Contraindications: The Consultation That Cannot Be Skipped

Contraindications: The Consultation That Cannot Be Skipped

The intake form is not a formality. For a treatment performed within millimetres of the cornea, the consultation is the most critical thing a therapist does before the session.

Conditions such as dry eye syndrome, seasonal allergies, and autoimmune skin disorders are relative contraindications: not disqualifiers, but signals to use a gentler cysteamine-based formula, reduce processing time, and proceed with additional written consent. 

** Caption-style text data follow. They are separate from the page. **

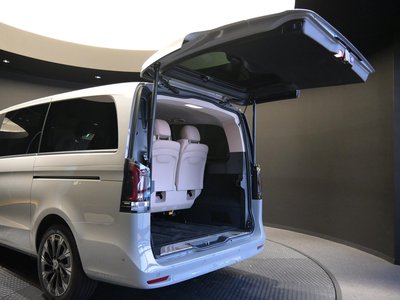 صورة 8 لـ 2026 Mercedes-BENZ V-CLASS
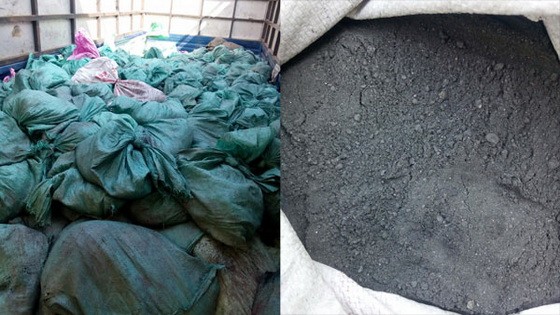每包重量約20公斤粉狀物疑是鉛精礦粉。（圖源：老街報）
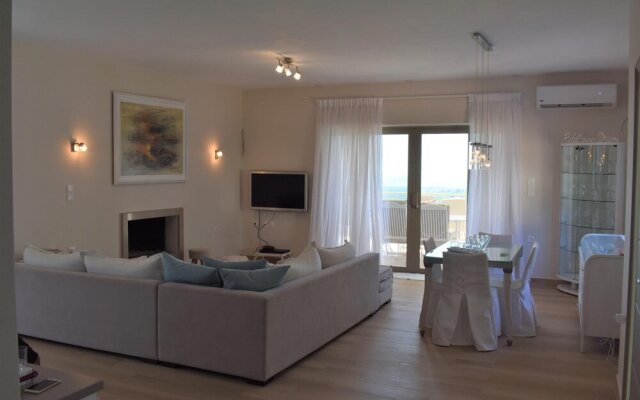 Luxury Modern Villa - Stunning Panorama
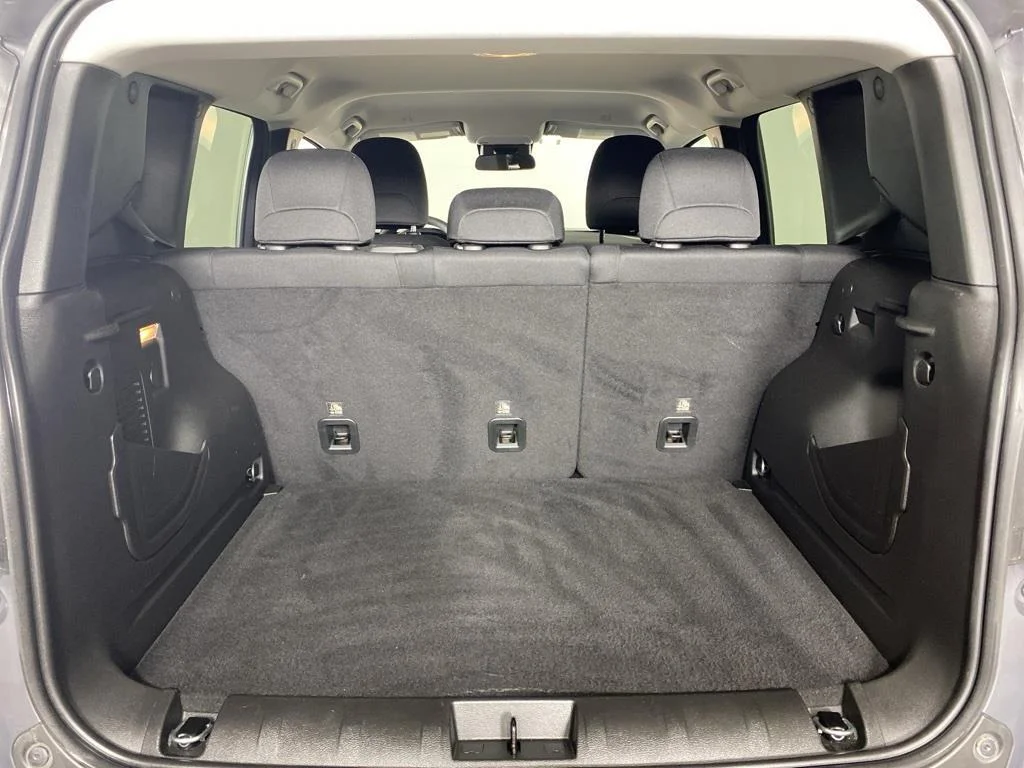 Used 2022 Gray Jeep Latitude image 25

Clients on Roaccutane (isotretinoin) deserve particular attention. The medication thins the skin and disrupts keratin production throughout the body, making lashes prone to breakage. A full twelve-month wait after completing the course is the accepted professional standard. 

Box: ABSOLUTE CONTRAINDICATIONS — DO NOT TREAT

  • Active conjunctivitis, blepharitis, styes, or keratitis
  • Any redness, swelling, or unexplained discharge around the eye
  • Recent eye or facial surgery (wait minimum six months)
  • Chemotherapy or radiation (require medical clearance)
  • Alopecia or trichotillomania
  • Epilepsy
  • Roaccutane (isotretinoin): wait twelve full months post-course
  • High-dose topical retinoids or AHAs in the periorbital area
  • Contact lenses in situ: must be removed before treatment begins

Hygiene Non-Negotiables

The eye is a mucous membrane. Contaminated tools or surfaces create a direct route for infection.

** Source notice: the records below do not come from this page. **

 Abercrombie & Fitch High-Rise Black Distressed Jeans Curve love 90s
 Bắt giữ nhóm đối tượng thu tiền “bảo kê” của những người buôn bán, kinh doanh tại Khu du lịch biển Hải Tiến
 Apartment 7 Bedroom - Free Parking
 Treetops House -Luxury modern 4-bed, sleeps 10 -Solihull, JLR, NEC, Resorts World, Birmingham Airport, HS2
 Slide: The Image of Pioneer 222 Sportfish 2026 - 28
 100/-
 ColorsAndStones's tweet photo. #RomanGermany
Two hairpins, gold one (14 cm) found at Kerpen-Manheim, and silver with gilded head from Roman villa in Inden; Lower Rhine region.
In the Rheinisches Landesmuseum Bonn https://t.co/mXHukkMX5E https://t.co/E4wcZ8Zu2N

Box: HYGIENE PROTOCOL AT A GLANCE

Single-use every time: microbrushes, eye pads, spoolies, applicators. No exceptions.

Reusable with full disinfection: silicone shields and rods. Clean first, then immerse in hospital-grade disinfectant for the full manufacturer-specified contact time.

Between every client: disinfectant wipe on the treatment bed and all surfaces; hands washed for 30 seconds with warm water and soap; clean mask worn throughout.

Dispose of any tool dropped on the floor during service. Do not pick up and continue.

Where the Line Is

The difference between a great result and a damaged client is rarely the product. It is the consultation that identified the contraindication.

  • The patch test that happened 48 hours before. 
  • The shield chosen for that client’s specific lash length and texture.
  • The therapist who stopped the timer early because the lash was signalling damage before the clock did. 

The demand for lash lifts is not going to slow. What the industry can control is whether the quality of practice keeps pace with the volume of bookings.